# Time delay switch?



## Shockdoc (Mar 4, 2010)

I need to fabricate an automated traffic signal, I need a 30second delay switch, can anyone give me a part# for such an item. Unless they make something that can control three individual lights in intervals


----------



## Hunter1151 (Nov 4, 2010)

Shockdoc said:


> I need to fabricate an automated traffic signal, I need a 30second delay switch, can anyone give me a part# for such an item. Unless they make something that can control three individual lights in intervals


My suggestion is cheap plc eaton make a ELC-PC12NNDR you get 4 relay outputs, and you can do all kinds of timers, on delay off delay one shot watchdog, software is free on there site plc is around 200 dollars, this also gives 8 pnp/npn dc inputs


----------



## Jlarson (Jun 28, 2009)

Shockdoc said:


> I need to fabricate an automated traffic signal, I need a 30second delay switch, can anyone give me a part# for such an item. Unless they make something that can control three individual lights in intervals


Take a look at Automation Direct if you just want a timer. I might be tempted to go with a smart relay or micro PLC if possible though.


----------



## John (Jan 22, 2007)

WW Grainger $143.65....:thumbsup:

http://www.grainger.com/Grainger/OMRON-Programmable-Relay-2REP3?Pid=search


----------



## Hunter1151 (Nov 4, 2010)

Jlarson said:


> Take a look at Automation Direct if you just want a timer. I might be tempted to go with a smart relay or micro PLC if possible though.
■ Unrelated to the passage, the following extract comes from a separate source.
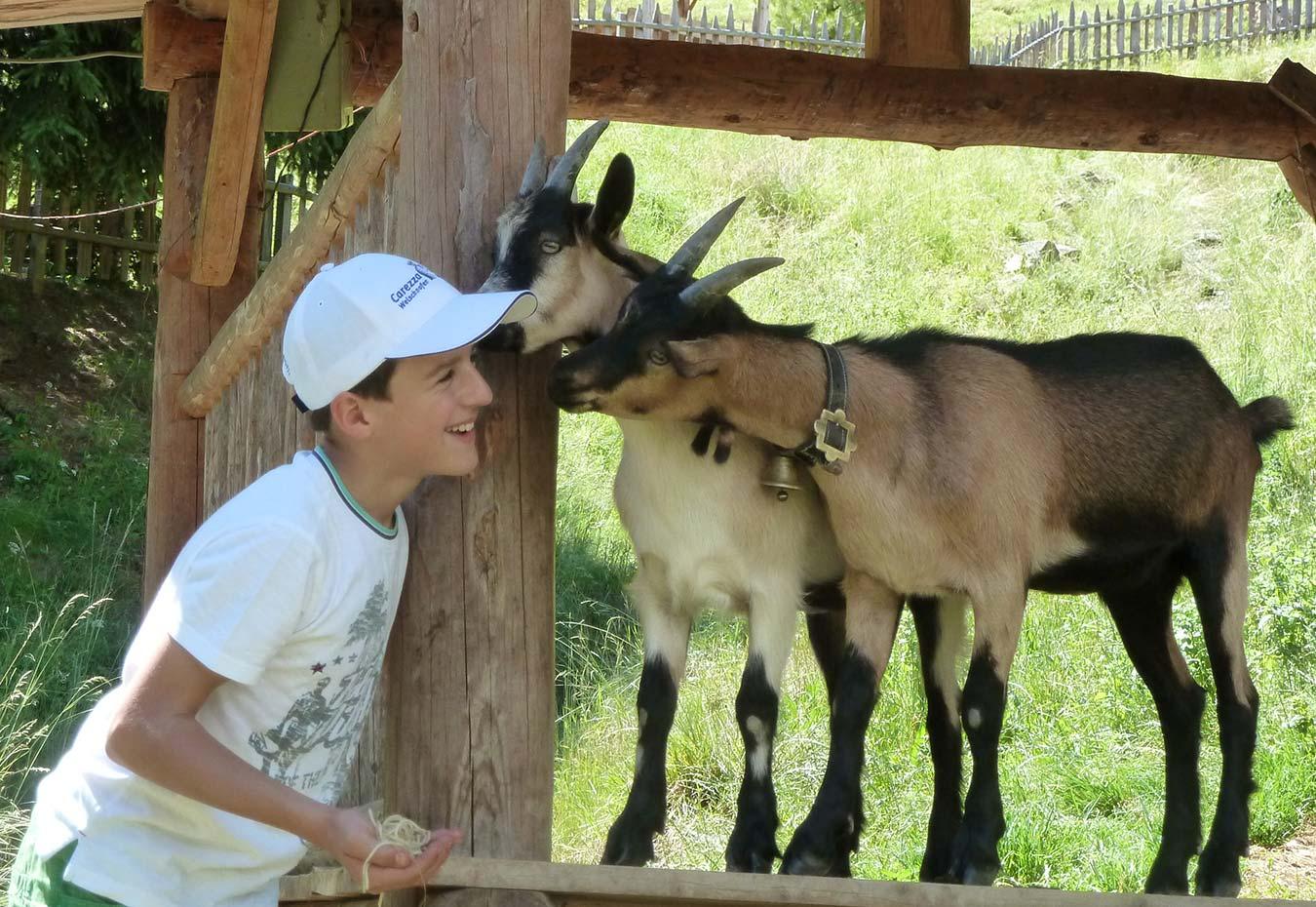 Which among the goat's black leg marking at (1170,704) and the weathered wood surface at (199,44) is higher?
the weathered wood surface at (199,44)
True but be careful of automation direct, there click plc is a money pit, I have 5 eaton plc's on the shelf, and cable trust me, your much better off and a programmable relay is about the same in cost


----------



## John (Jan 22, 2007)

Hunter1151 said:


> True but be careful of automation direct, there click plc is a money pit, I have 5 eaton plc's on the shelf, and cable trust me, your much better off and a programmable relay is about the same in cost


Keep it simple for something simple ......WW Grainger:whistling2:


----------



## Shockdoc (Mar 4, 2010)

I'm just looking to make a "project" item for a customer i'm doing an addition for, he wants the traffic light in his toy garage to countdown to green. I was thinking two simple time delays controlling double throw micro relays, one fed from the other. It's the time delay switch I'm not sure about, I need something single pole inline


----------



## John (Jan 22, 2007)

Shockdoc said:


> I'm just looking to make a "project" item for a customer i'm doing an addition for, he wants the traffic light in his toy garage to countdown to green. I was thinking two simple time delays controlling double throw micro relays, one fed from the other. It's the time delay switch I'm not sure about, I need something single pole inline


Why didn't you say so in post #1? 

It's like pulling teeth to get info.........:jester:

http://www.grainger.com/Grainger/DAYTON-Time-Delay-Relay-6A855?Pid=search


----------



## Jlarson (Jun 28, 2009)

Shockdoc said:


> I'm just looking to make a "project" item for a customer i'm doing an addition for, he wants the traffic light in his toy garage to countdown to green. I was thinking two simple time delays controlling double throw micro relays, one fed from the other. It's the time delay switch I'm not sure about, I need something single pole inline



http://www.automationdirect.com/adc...er_Relays_1-z-16_DIN_(MS_Series)/MS4SM-AP-ADC

We have used these with good success.


----------



## Jlarson (Jun 28, 2009)

Hunter1151 said:


> True but be careful of automation direct, there click plc is a money pit.


Huh, we just started using it and it's done pretty well so far. Just like any other PLC it has its little quirks and the same goes with the development environment but it has its place in some applications.


----------



## Hunter1151 (Nov 4, 2010)

Don't you have to buy plc, then terminals, limited software unless you buy, you have to buy manual, as where the Eaton it's all free exept cable, but there like 30 bucks, it is a really powerful PLC and inexpensive


----------



## Jlarson (Jun 28, 2009)

Hunter1151 said:


> Don't you have to buy plc, then terminals, limited software unless you buy, you have to buy manual, as where the Eaton it's all free exept cable, but there like 30 bucks, it is a really powerful PLC and inexpensive


I like Eaton smart relay stuff to but needed something cheap with modbus so enter the click. You buy the cable (there's a serial and USB option too) but it's free software and manual and the terminals are on the CPU or the I/O already.


----------



## Hunter1151 (Nov 4, 2010)

Eatons has modbus, ASCII and rtu, but I will check the click out, had a customer use it and he tossed it when i showed him all the capabilities in the eaton plc, there programable relay is good too

http://www.eaton.com/ecm/idcplg?Idc...eased&Rendition=Primary&&dDocName=IL05003012E

This is the spec sheet on eaton


----------



## Jlarson (Jun 28, 2009)

Hunter1151 said:


> This is the spec sheet on eaton


Oh that Eaton PLC, yeah that one is good too, looks remarkably similar to the Click too just different ports and black instead of white.


----------



## Hunter1151 (Nov 4, 2010)

It's made by delta electronics


----------